> Your assignment
Pictures in the records are to be excluded from an otherwise exact copy.

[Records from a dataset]
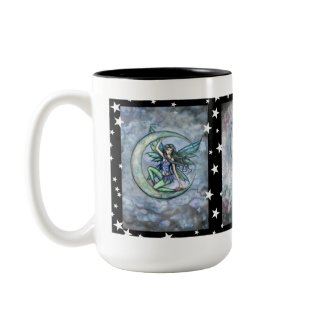 Night Fairies Trio Coffee Mug by Molly Harrison mug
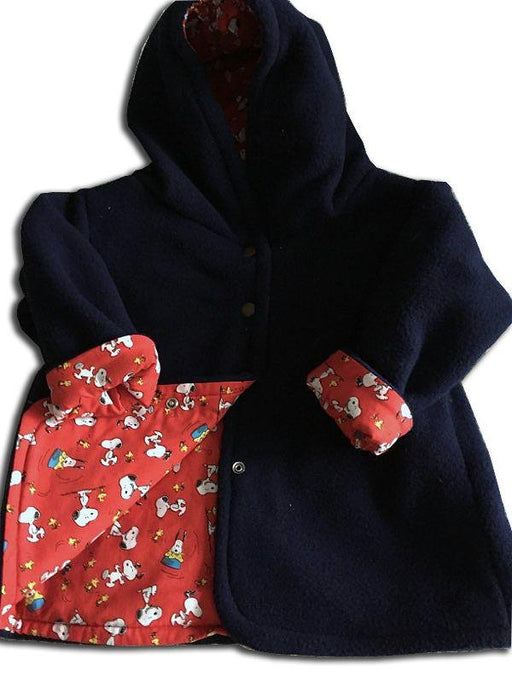 Reversible Jackets in Navy Blue Polar Fleece - Artfest Ontario - Muffin Mouse Creations - Clothing & Accessories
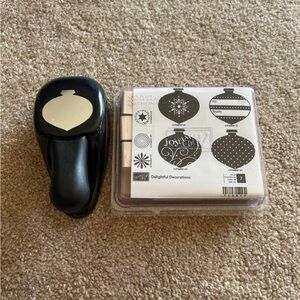 Stampin' Up! *Retired* Delightful Decorations " Stamp Set & Ornament Punch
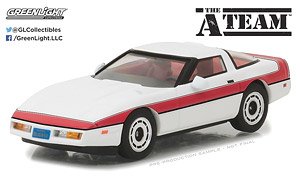 The A-Team (1983-87 TV Series) - 1984 Chevrolet Corvette C4 (Diecast Car)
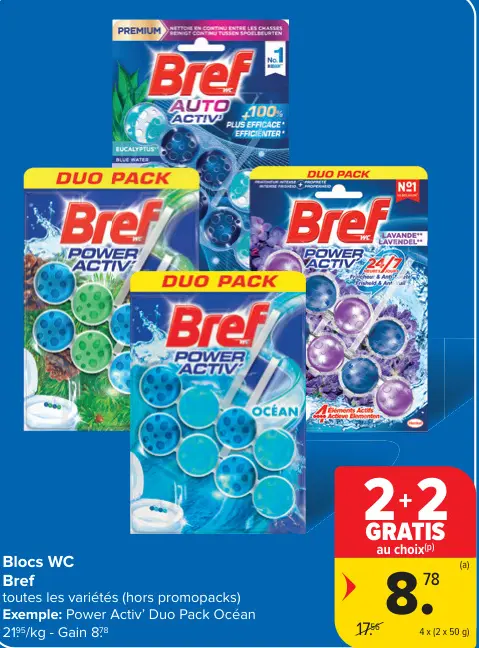 Offre: Blocs WC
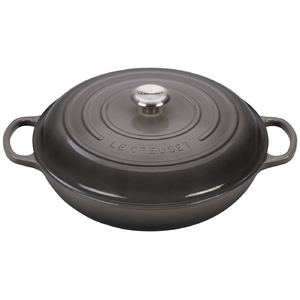 Signature Enamel Cast Iron 5 Qt Braiser Oyster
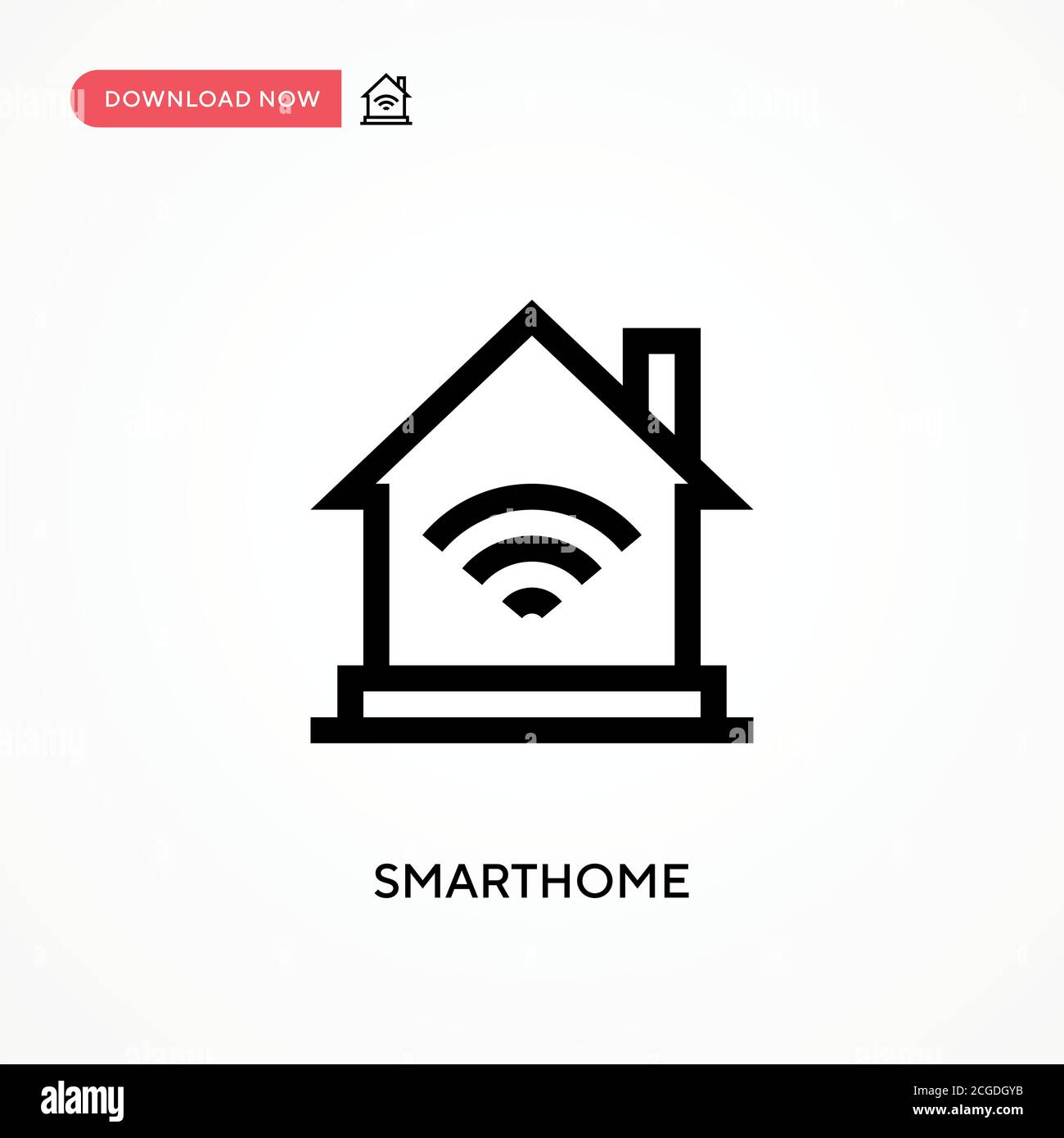 Smarthome Simple vector icon. Modern, simple flat vector illustration for web site or mobile app Stock Vector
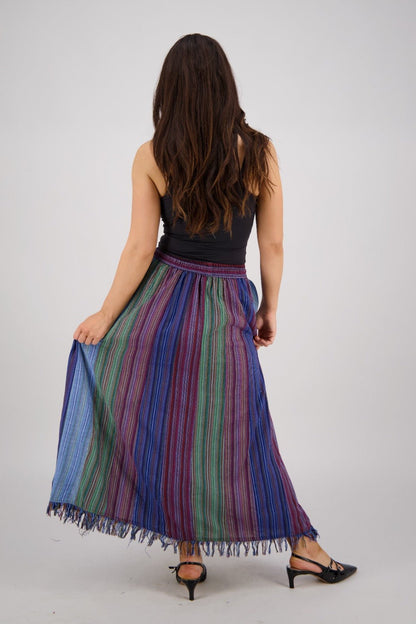 Threaded Fringe Skirt PAT-3517 - Advance Apparels Inc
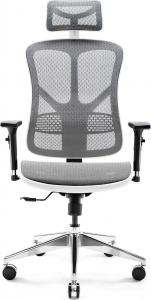 Krzesło biurowe Diablo Chairs V-Basic Biało-szare 2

> Exercise solution
 Night Fairies Trio Coffee Mug by Molly Harrison mug
 Reversible Jackets in Navy Blue Polar Fleece - Artfest Ontario - Muffin Mouse Creations - Clothing & Accessories
 Stampin' Up! *Retired* Delightful Decorations " Stamp Set & Ornament Punch
 The A-Team (1983-87 TV Series) - 1984 Chevrolet Corvette C4 (Diecast Car)
 Offre: Blocs WC
 Signature Enamel Cast Iron 5 Qt Braiser Oyster
 Smarthome Simple vector icon. Modern, simple flat vector illustration for web site or mobile app Stock Vector
 Threaded Fringe Skirt PAT-3517 - Advance Apparels Inc
 Krzesło biurowe Diablo Chairs V-Basic Biało-szare 2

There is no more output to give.